Give again, word for word, each line of the data from the first through the one containing "0.1mm単位で調整可能". Pictures stay out.
——
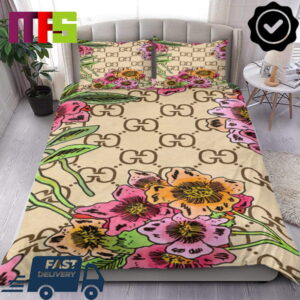 Gucci Colorful Hibiscus Flower In Gucci Guccissima Logo Background Home Decor Bedding Set Gucci Colorful Hibiscus Flower In Gucci Guccissima Logo Background Home Decor Bedding Set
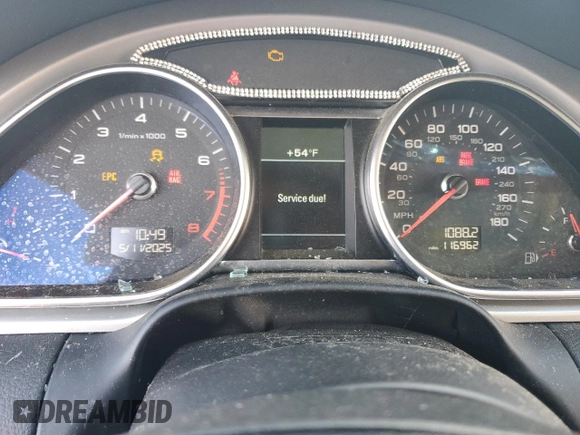 2015 Audi Q7 Premium Plus with VIN WA1LGAFE6FD029046, listed as a Copart auction lot 57629135 with 116,962 mi miles and Salvage title. Bid and sale history available at DreamBid. Image 9.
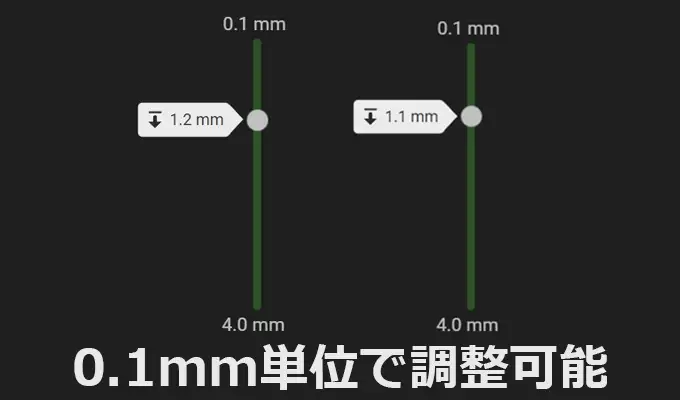 0.1mm単位で調整可能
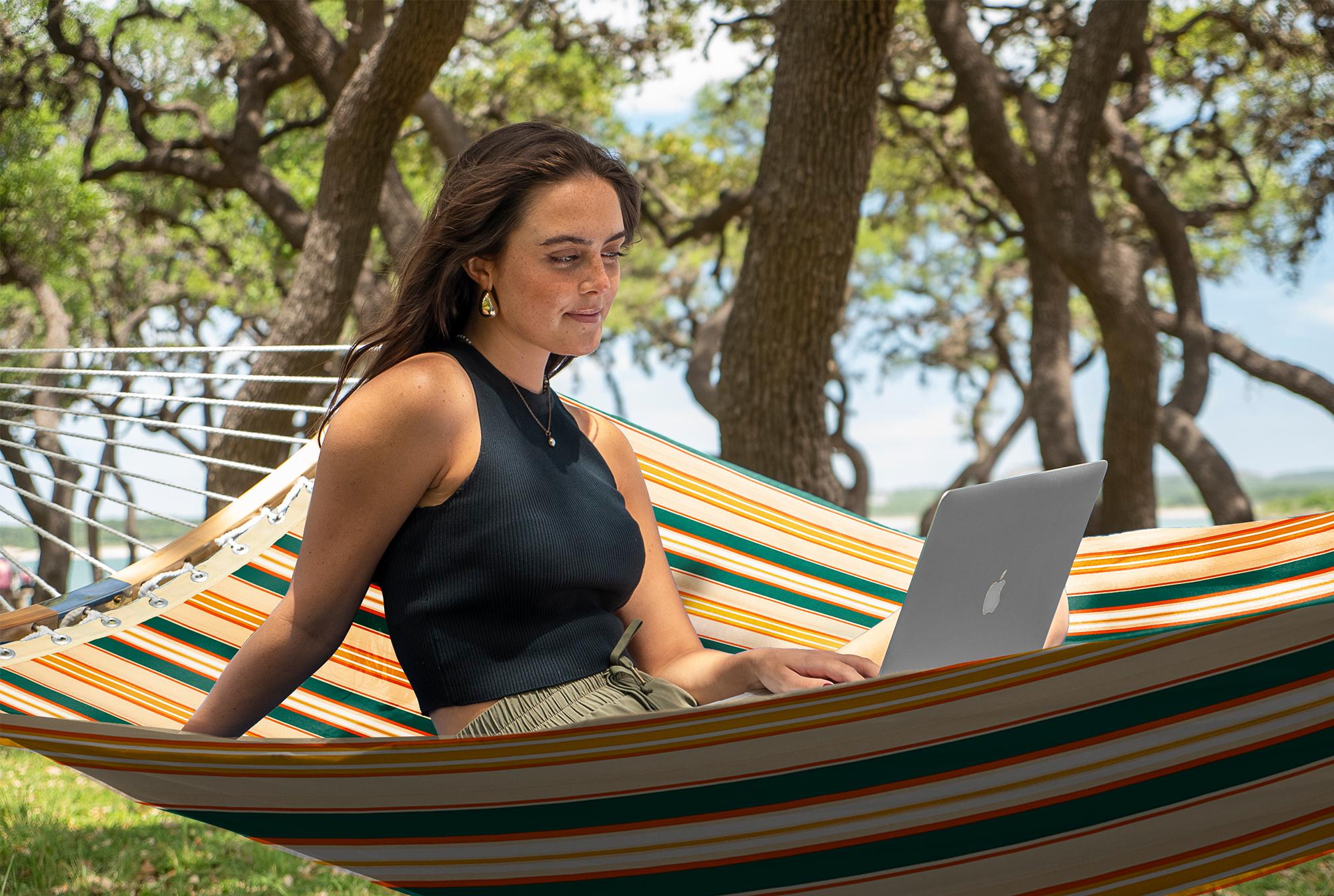 SUPERJARE Hammock with Stand, 2 Person Heavy Duty Hammock with Padded Cotton, Detachable Pillow & Strong Curved-Bar & Portable Carrying Bag, Perfect for Outdoor & Indoor SUPERJARE Hammock with Stand, 2 Person Heavy Duty Hammock with Padded Cotton, Detachable Pillow & Strong Curved-Bar & Portable Carrying Bag, Perfect for Outdoor & Indoor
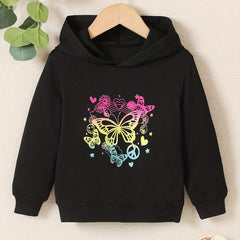 Ombre Butterfly Graphic Hoodie For Kid Girls Long Sleeve Sweatshirt
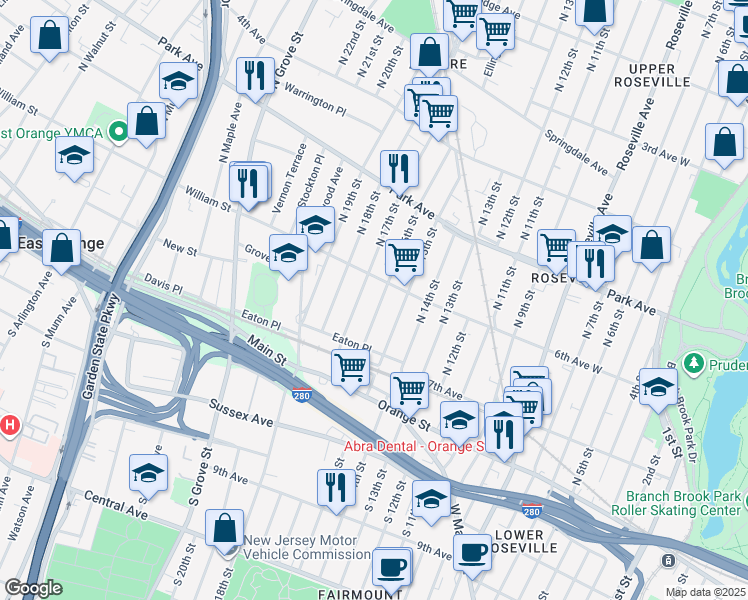 map of restaurants, bars, coffee shops, grocery stores, and more near 47 North 16th Street in East Orange
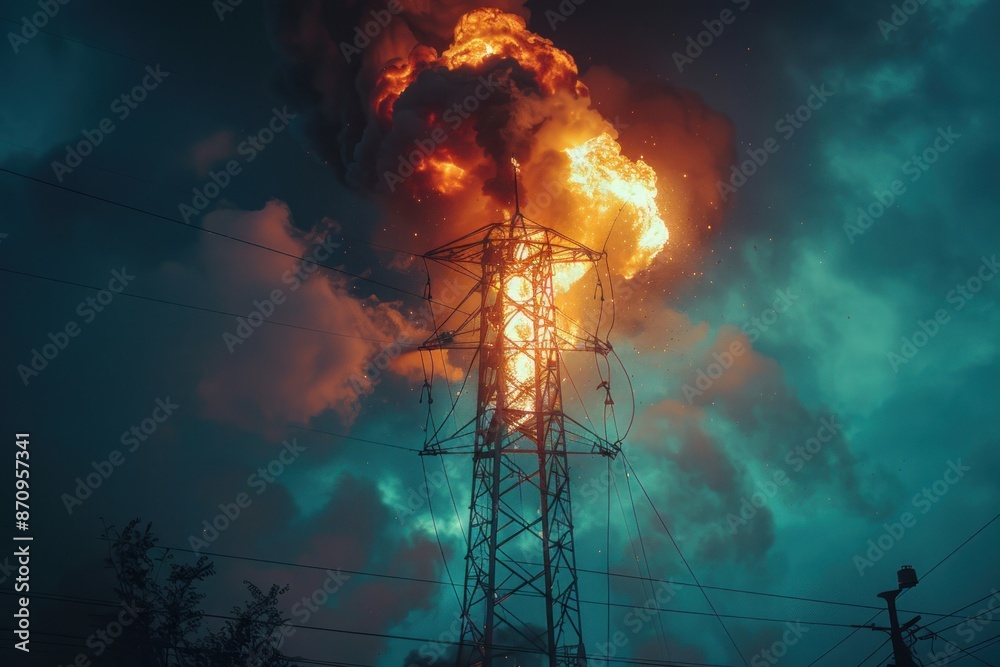 Explosion fire smoke and electrical short circuit on the networks of ...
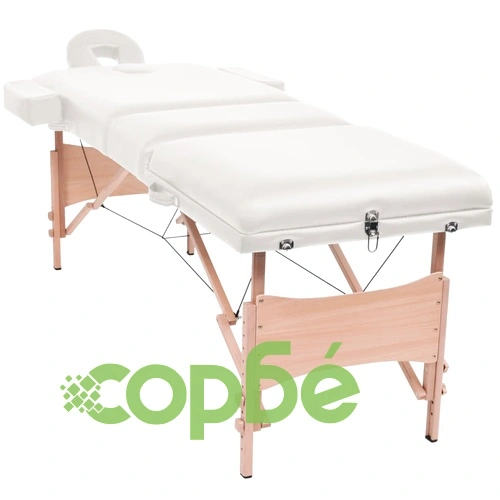 Сгъваема масажна кушетка с 3 зони, 10 см плътен пълнеж, бяла ➤ топ цена ➤ sorbe.bg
——
Output of the exercise:
 Gucci Colorful Hibiscus Flower In Gucci Guccissima Logo Background Home Decor Bedding Set Gucci Colorful Hibiscus Flower In Gucci Guccissima Logo Background Home Decor Bedding Set
 2015 Audi Q7 Premium Plus with VIN WA1LGAFE6FD029046, listed as a Copart auction lot 57629135 with 116,962 mi miles and Salvage title. Bid and sale history available at DreamBid. Image 9.
 0.1mm単位で調整可能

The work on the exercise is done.